The leading American olive oil producer is sourcing oils from South America in its continuing pursuit of market share.
For the largest American olive oil producer, California Olive Ranch (COR), it’s all about growing: not olives, but market share.
Instead of slugging it out with smaller competitors for the limited supply of expensive homegrown fruit, the Chico-based company led by CEO Gregg Kelley is continuing its emergence as a marketer of high-quality olives oils made in California — and elsewhere.
COR raised eyebrows a few years back when it acquired the award-winning Italian brand Lucini at a time when bad-mouthing the quality of imported olive oils was practically a sport in the local industry.
The Lucini acquisition signaled that COR had its sights more on sales growth than emphasizing the American pedigree of its product range. “Our love of high-quality extra virgin olive oil extends beyond California,” the company affirms on its website.

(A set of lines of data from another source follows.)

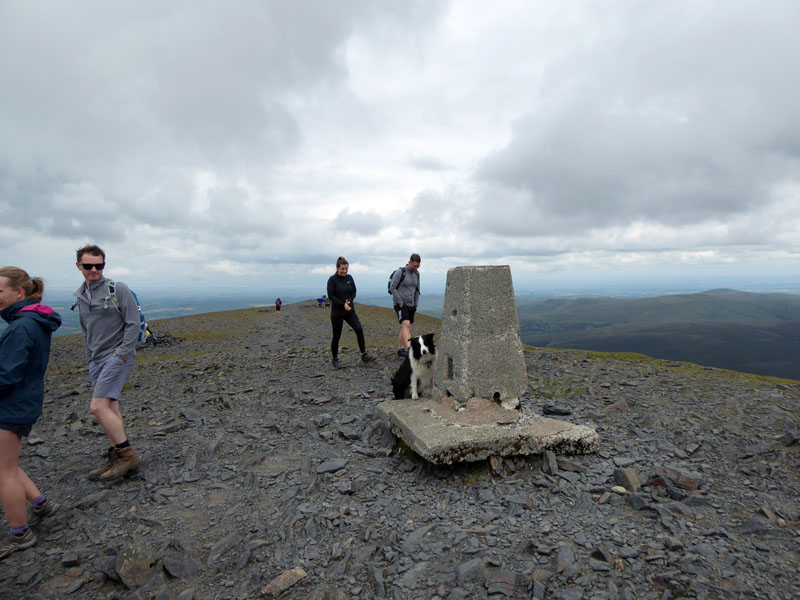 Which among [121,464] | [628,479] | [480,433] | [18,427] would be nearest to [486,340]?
[480,433]

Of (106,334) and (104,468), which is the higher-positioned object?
(106,334)

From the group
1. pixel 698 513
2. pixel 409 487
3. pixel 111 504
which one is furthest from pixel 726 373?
pixel 111 504

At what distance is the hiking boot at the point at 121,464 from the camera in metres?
6.13

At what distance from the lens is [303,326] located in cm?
3022

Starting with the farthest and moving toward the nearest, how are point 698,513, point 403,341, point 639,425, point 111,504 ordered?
point 403,341, point 639,425, point 111,504, point 698,513

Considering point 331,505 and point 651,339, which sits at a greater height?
point 331,505

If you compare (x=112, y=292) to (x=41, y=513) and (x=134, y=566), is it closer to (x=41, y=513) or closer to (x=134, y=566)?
(x=41, y=513)

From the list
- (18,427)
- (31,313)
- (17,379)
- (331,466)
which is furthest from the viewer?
(331,466)

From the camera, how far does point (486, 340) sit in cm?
746

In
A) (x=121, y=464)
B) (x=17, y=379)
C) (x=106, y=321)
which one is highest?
(x=106, y=321)

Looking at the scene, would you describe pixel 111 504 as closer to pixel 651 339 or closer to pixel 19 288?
pixel 19 288

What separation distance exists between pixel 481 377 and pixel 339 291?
5.92 m

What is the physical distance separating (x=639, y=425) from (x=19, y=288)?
10557 mm

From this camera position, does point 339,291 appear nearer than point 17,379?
No
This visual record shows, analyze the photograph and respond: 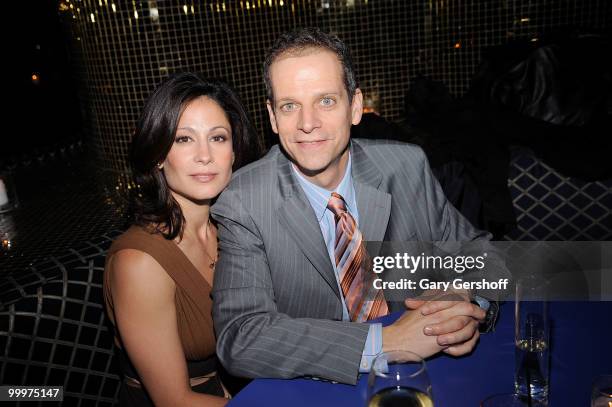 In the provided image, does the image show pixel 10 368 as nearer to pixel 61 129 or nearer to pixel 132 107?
pixel 132 107

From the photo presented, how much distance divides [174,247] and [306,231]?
48 cm

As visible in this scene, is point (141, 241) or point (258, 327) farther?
point (141, 241)

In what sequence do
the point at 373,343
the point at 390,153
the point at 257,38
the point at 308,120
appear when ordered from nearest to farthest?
the point at 373,343 < the point at 308,120 < the point at 390,153 < the point at 257,38

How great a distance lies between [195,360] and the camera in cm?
202

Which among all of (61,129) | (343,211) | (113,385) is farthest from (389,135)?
(61,129)

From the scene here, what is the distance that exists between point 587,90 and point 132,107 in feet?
11.4

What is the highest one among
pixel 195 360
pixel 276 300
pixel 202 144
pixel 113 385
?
pixel 202 144

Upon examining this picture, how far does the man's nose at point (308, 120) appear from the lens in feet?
6.06

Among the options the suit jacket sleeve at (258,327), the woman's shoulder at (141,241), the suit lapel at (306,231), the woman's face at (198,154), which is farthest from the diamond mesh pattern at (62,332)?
the suit lapel at (306,231)

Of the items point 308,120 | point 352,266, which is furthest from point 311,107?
point 352,266

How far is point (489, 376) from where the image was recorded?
1.32 metres

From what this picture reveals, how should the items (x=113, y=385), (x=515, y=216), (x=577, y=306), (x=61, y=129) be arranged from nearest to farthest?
(x=577, y=306) → (x=113, y=385) → (x=515, y=216) → (x=61, y=129)

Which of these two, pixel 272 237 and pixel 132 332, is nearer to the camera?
pixel 132 332

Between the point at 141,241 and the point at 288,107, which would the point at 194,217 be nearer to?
the point at 141,241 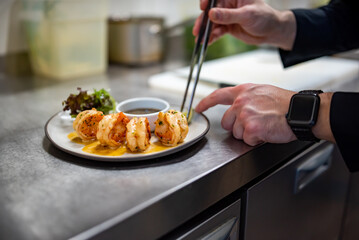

Now, COR, whose sales reportedly exceed $100 million, has announced a limited-edition release of its new Americas Blend, made with South American oils that will be available through December in a 1.4‑liter “Chef Size” bottle.
The Americas Blend results from COR’s partnerships with producers in South America — including Argentina, Peru and Chile — and features “fifty percent Californian and fifty percent South American extra virgin olive oil,” coming together to create a “mild fruity flavor with approachable bitterness,” the company said.
“We value the sharing of process and information amongst producers in order to increase the quality of extra virgin olive oil throughout the world,” said COR, which has thrown its considerable weight behind a strategy which acknowledges that quality olive oil, and higher profits, have no boundaries.